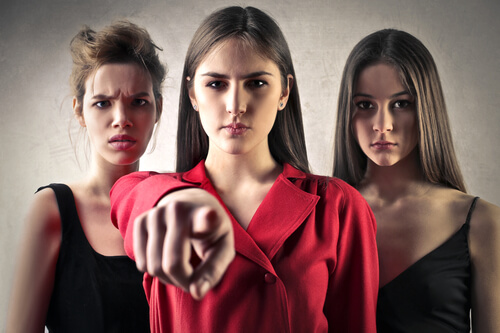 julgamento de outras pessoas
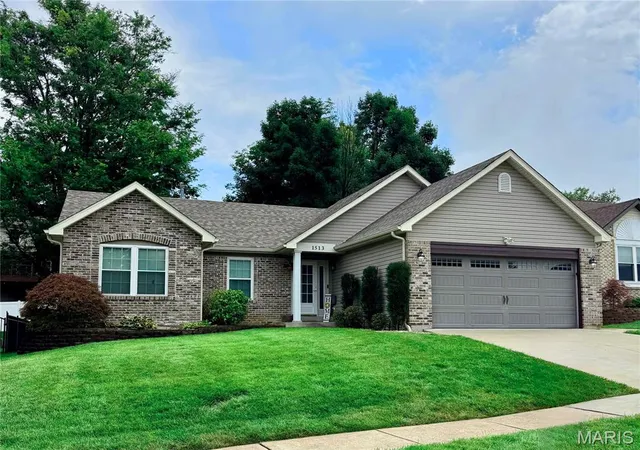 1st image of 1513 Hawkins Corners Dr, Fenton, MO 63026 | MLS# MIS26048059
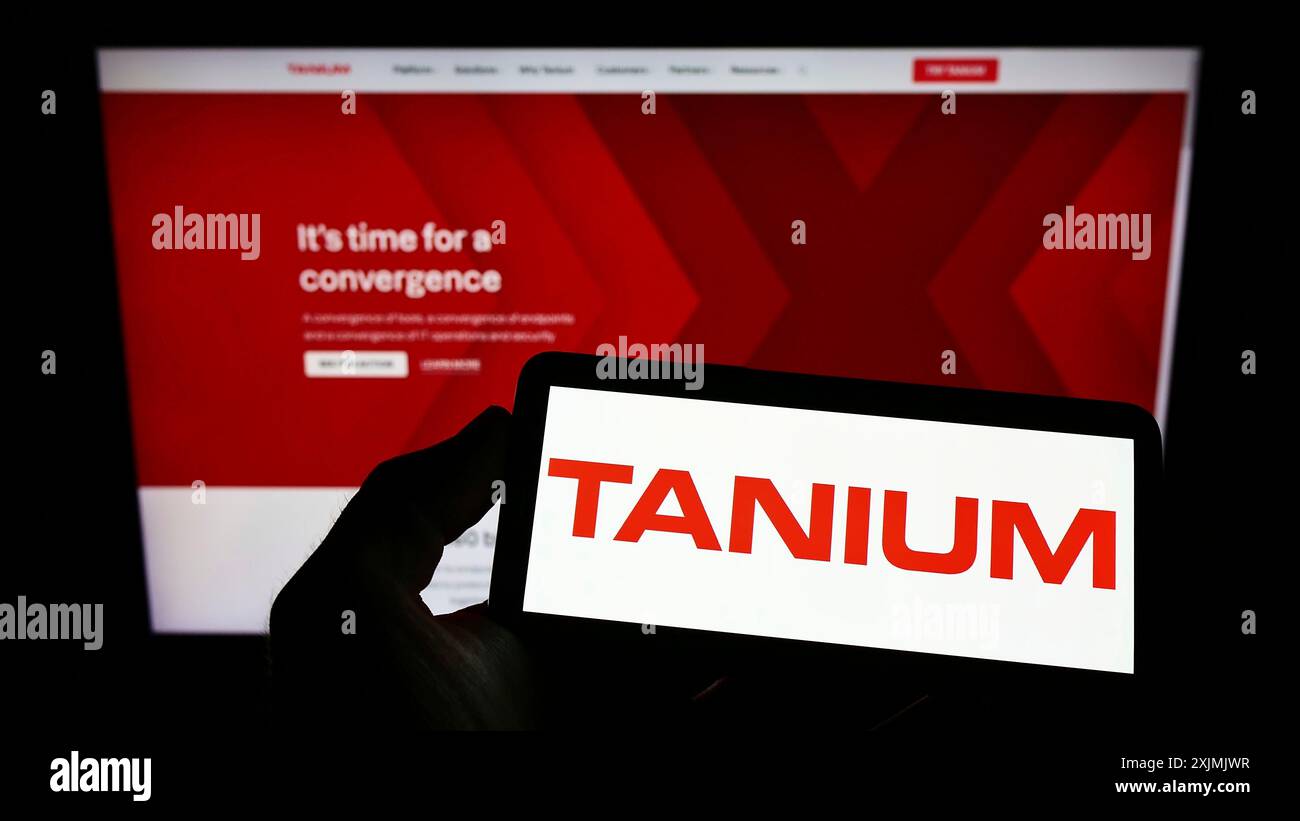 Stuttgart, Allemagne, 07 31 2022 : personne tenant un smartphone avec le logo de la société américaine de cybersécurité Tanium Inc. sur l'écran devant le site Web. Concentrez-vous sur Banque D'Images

...

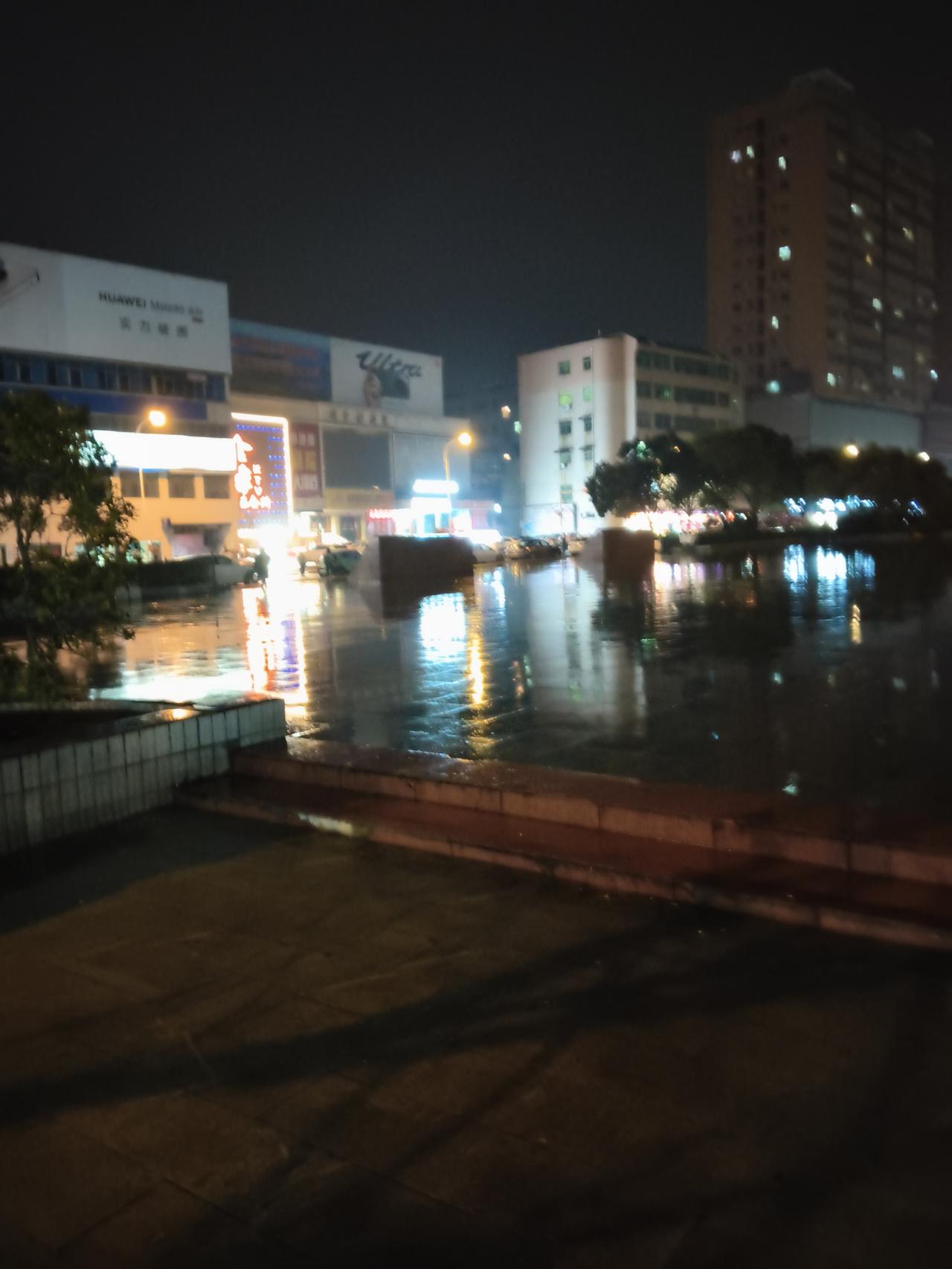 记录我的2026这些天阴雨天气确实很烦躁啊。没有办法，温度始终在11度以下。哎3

...

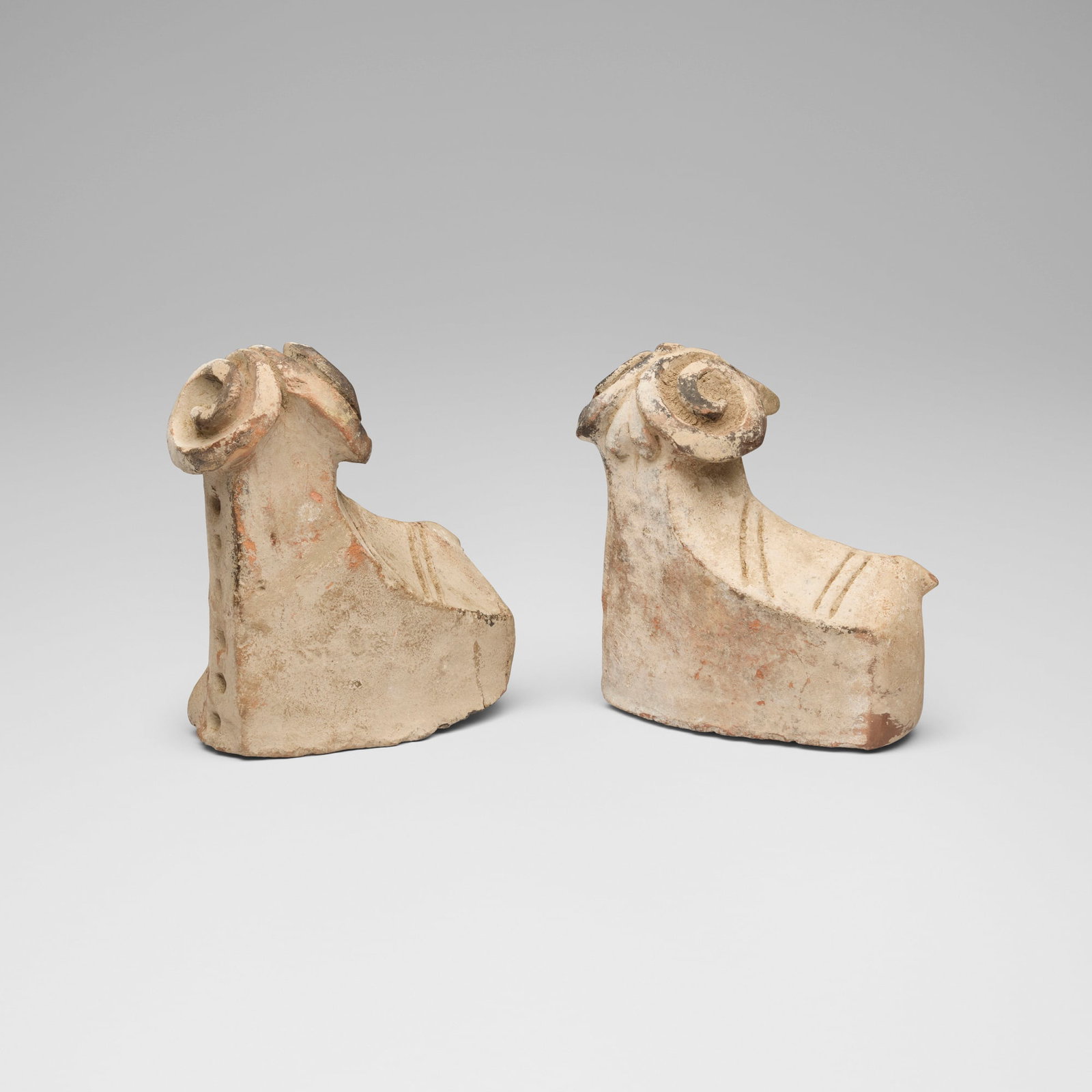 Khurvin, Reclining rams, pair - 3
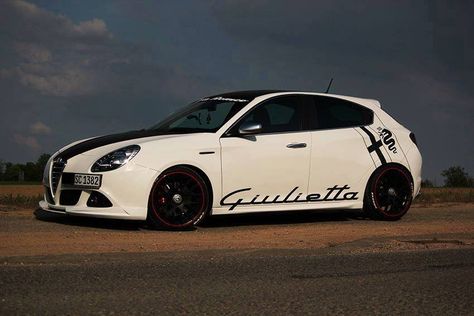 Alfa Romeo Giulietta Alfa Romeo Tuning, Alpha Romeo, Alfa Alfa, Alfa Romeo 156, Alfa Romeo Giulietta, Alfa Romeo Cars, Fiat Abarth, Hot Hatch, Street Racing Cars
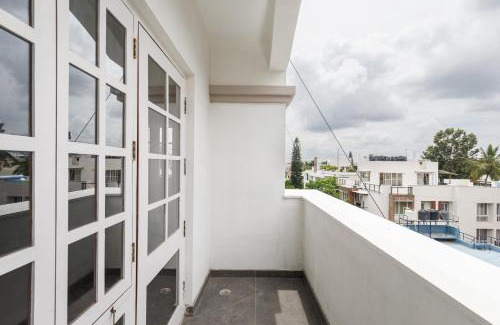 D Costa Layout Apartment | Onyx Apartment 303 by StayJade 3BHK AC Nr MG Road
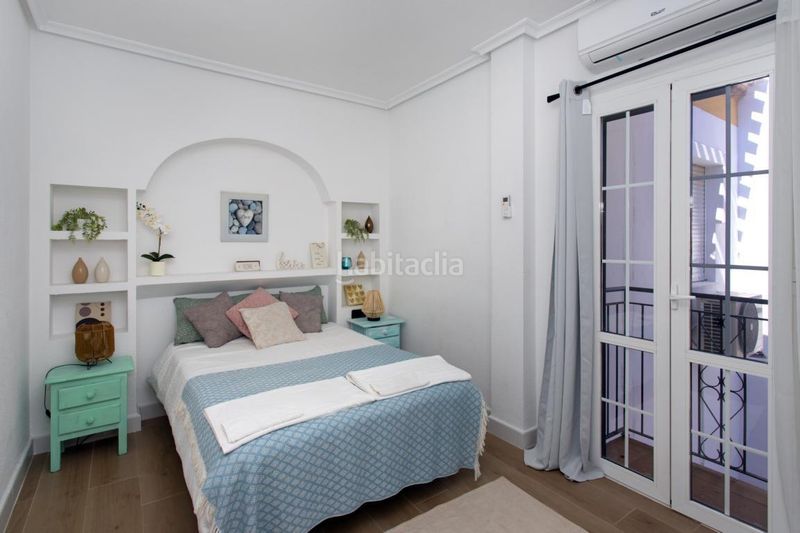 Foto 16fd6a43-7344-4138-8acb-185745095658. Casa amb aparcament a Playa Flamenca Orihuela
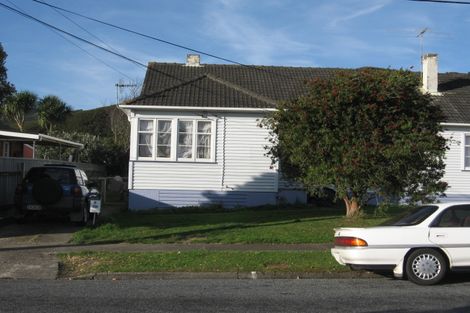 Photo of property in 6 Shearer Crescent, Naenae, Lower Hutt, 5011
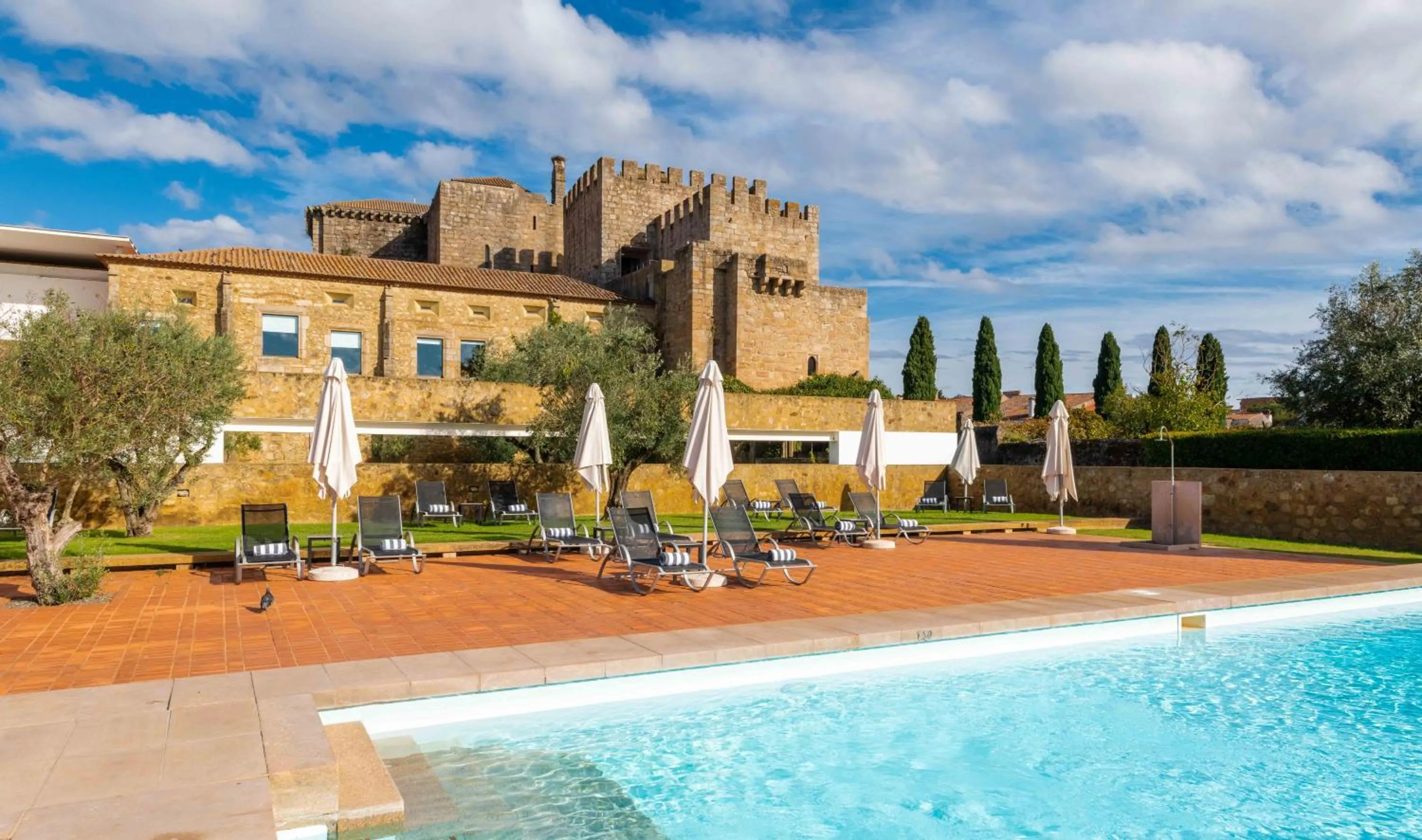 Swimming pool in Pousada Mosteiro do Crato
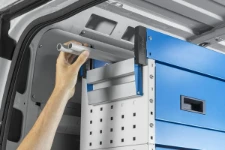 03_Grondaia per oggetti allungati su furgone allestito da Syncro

#### [TASK GOAL]
Only the lines starting at the one that includes "Swimming pool in Pousada Mosteiro do Crato" and ending at the one that includes "03_Grondaia per oggetti" should be retyped, exactly, from the records above; no pictures.

#### [RESPONSE AREA]
 Swimming pool in Pousada Mosteiro do Crato
 03_Grondaia per oggetti allungati su furgone allestito da Syncro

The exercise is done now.